A home safety assessment, alcohol cessation, evaluation of vision, review of medications (specifically psychoactive medications), and orthostatic blood pressure assessment are important in mitigating patient falls. Studies of community dwellers have shown significant reduction of falls and fractures following exercise intervention, with the benefit increasing with escalating intensity of the exercise (Li et al., 2016). Foot problems and inappropriate footwear in older adults are associated with impaired balance and performance. Recommendations for use of appropriate shoes are indicated. Environmental hazards are any objects (throw rugs, furniture) or circumstances in the home environment that increase an individual's risk of falling, such as poor lighting, clutter, and lack of handrails in bathrooms.
Pain management in older adults can be complicated after a fragility fracture. According to Aubrun and Marmion (2007), given the likely comorbidities and increased sensitivities to opioids, the usage of multiple approaches to treating pain should be utilized. Acetaminophen, ibuprofen, and naproxen are commonly used for mild to moderate back pain due to compression fracture. Back bracing and back strengthening exercises are also recommended. For severe pain, opioids are used. Clinicians should use the World Health Organization (2007) pain ladder when treating pain in vertebral compression fracture. Opioids may induce sedation, cognitive impairment, delirium, and falls in older adults due to increased cerebral sensitivity to them. There is no difference in cognitive effects for fentanyl, morphine, or hydromorphone. If pain does not subside, studies show that calcitonin added to the regimen assists in pain relief (Blau & Hoehns, 2003). Kyphoplasty is also effective in relieving vertebral compression fracture pain.
Pharmacologic prophylaxis for venous thromboembolism should be undertaken postoperatively for all patients with a hip fracture. Presently there is no consensus on the best agent to use. Studies have shown that fondaparinux or low-molecular weight heparin for 28 to 35 days after surgery are effective (Fisher et al., 2013). Warfarin is an alternative reasonable choice for therapy and is often used in patients who were taking warfarin prior to fracture. Direct thrombin inhibitors (dabigatran) and factor Xa inhibitors (rivaroxaban) are newer oral anticoagulants.

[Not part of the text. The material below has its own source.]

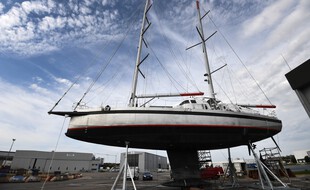 Le voilier cargo de la société Grain de Sail va traverser l'Atlantique pour transporter du cacao jusqu'en Bretagne.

However, there is no strong evidence with regard to their use in patients with fragility fractures around the hip. They do not require laboratory monitoring and can be administered in a fixed dose, but their disadvantage is that they do not have an antagonist to reverse their pharmacologic effect (Ktistakis et al., 2017). Pneumatic compression devices or foot impulse technology and thromboembolic stockings are recommended as mechanical means of thromboprophylaxis.

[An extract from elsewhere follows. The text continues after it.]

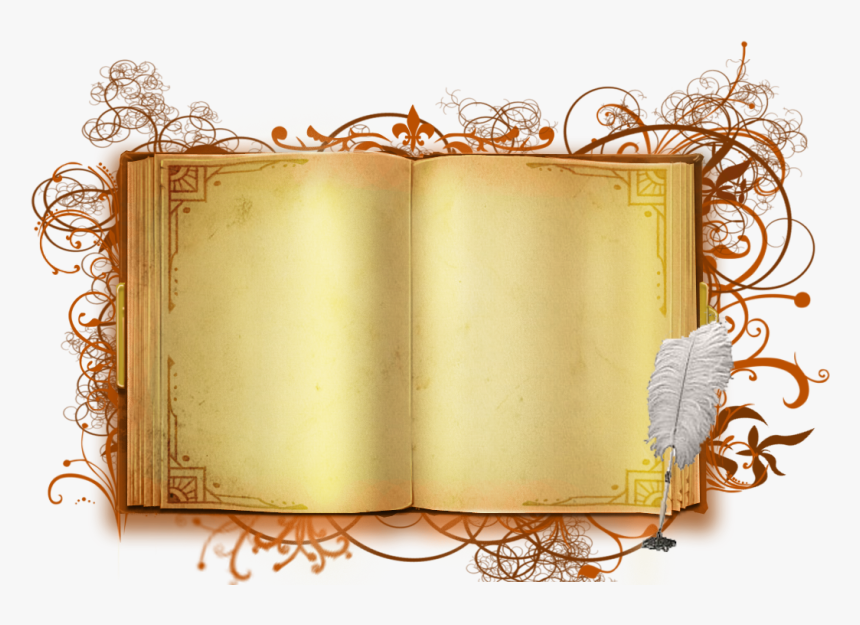 Transparent Background Book Open Background, HD Png Download, Free Download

Home healthcare providers care for an aging patient population with diverse conditions and multiple medications that can increase their risk of osteoporosis. BMD in addition to an evaluation of clinical risk factors are necessary to diagnose osteoporosis; DEXA and FRAX are the tools available. Undertreatment of osteoporosis is common among community dwelling older adults. Lack of patient adherence and insufficient physician prescription of medications are common. There are a wide array of osteoporosis medications and patients need education about their use. With the growing number of older adults in the population, increasing numbers will be vulnerable to osteoporosis and fragility fracture. Home healthcare providers need to be proactive to assess the aging population and assist in their treatment of this common disorder. Home healthcare clinicians are key members of the interdisciplinary care team in the recovery of patients with fragility fracture.